**** PROVIDED MATERIAL ****

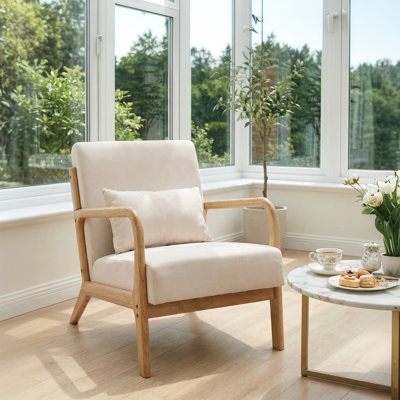 Upholstered Linen Armchair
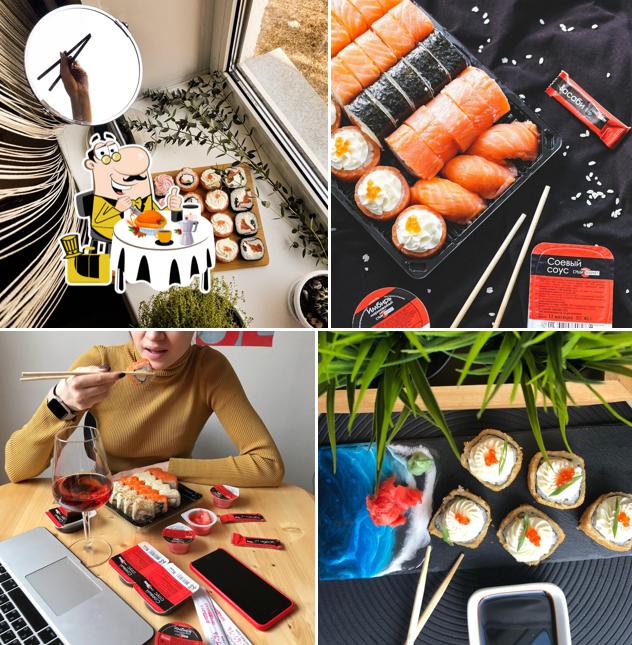 Еда в "Суши-Маркет"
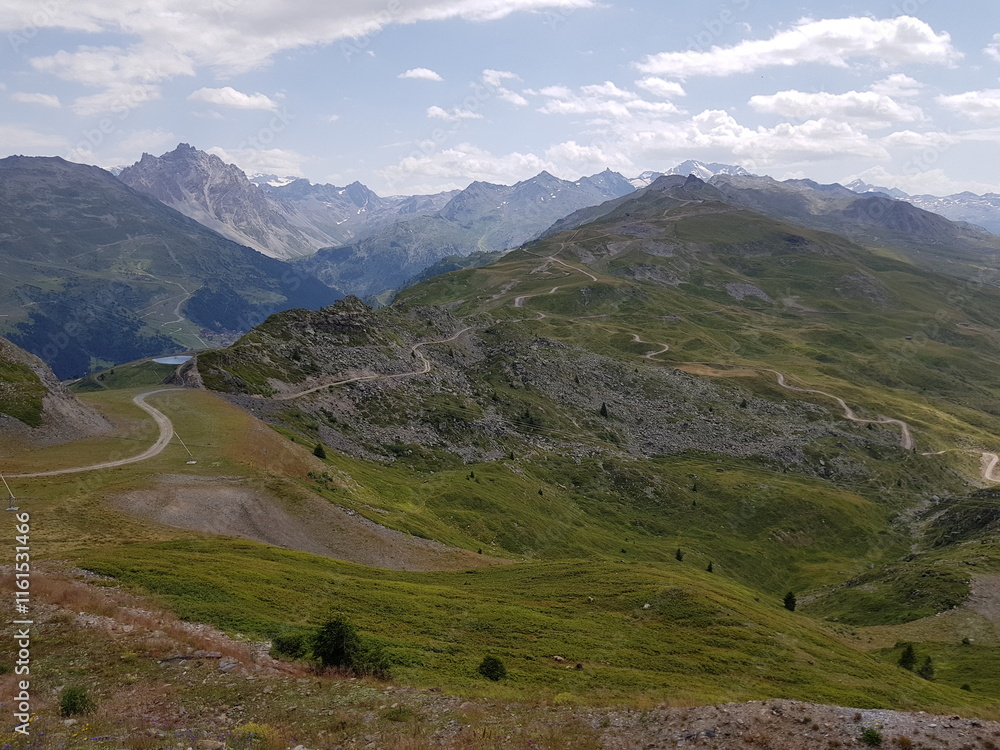 Fototapeta premium Paysage de montagne, Alpes françaises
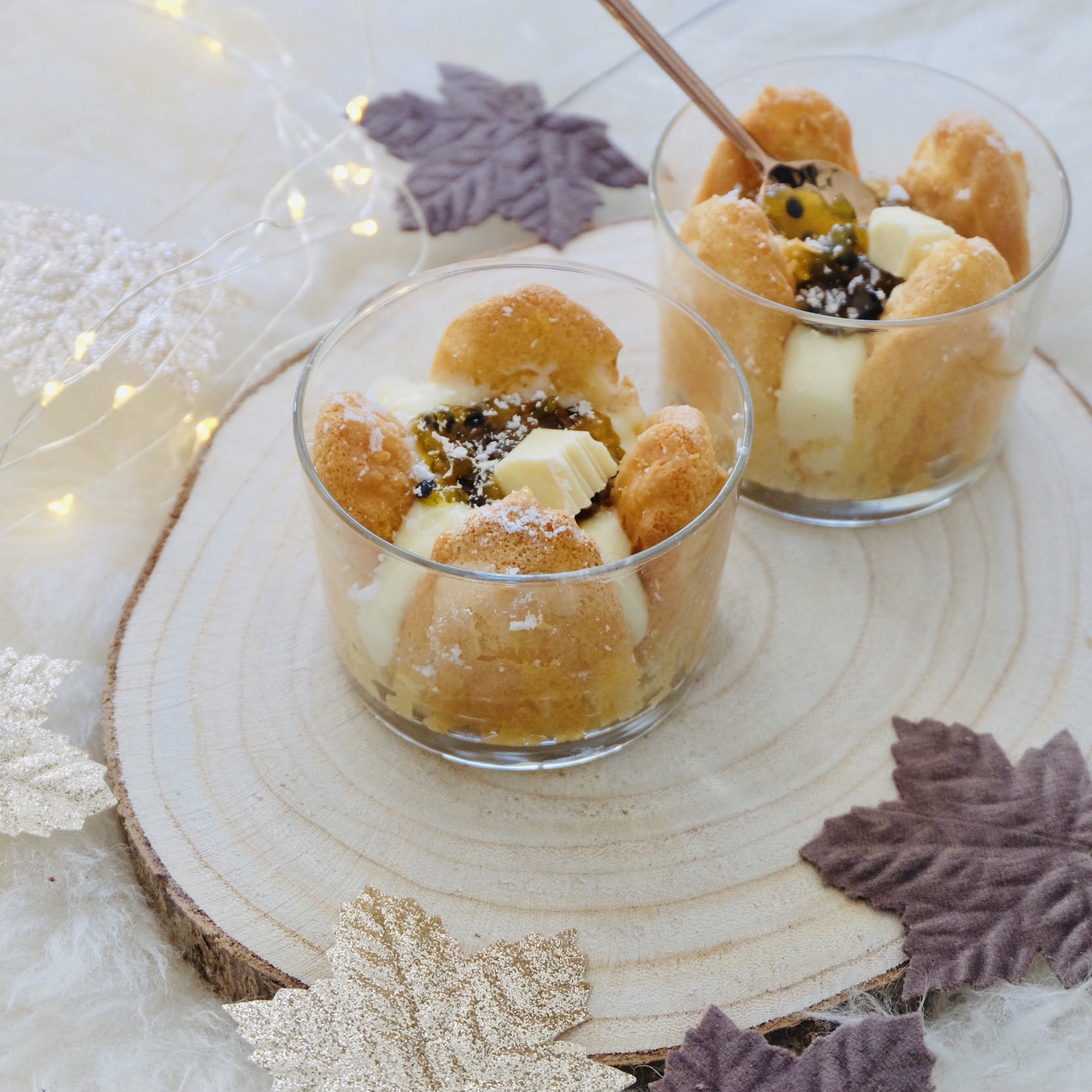 Spécial Fêtes ! Tiramisu chocolat blanc, et confiture Fruit de la passion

****

WHAT IS NEEDED
The whole listing above must be returned exactly as written, with no pictures carried over.

YOUR RESPONSE
 Upholstered Linen Armchair
 Еда в "Суши-Маркет"
 Fototapeta premium Paysage de montagne, Alpes françaises
 Spécial Fêtes ! Tiramisu chocolat blanc, et confiture Fruit de la passion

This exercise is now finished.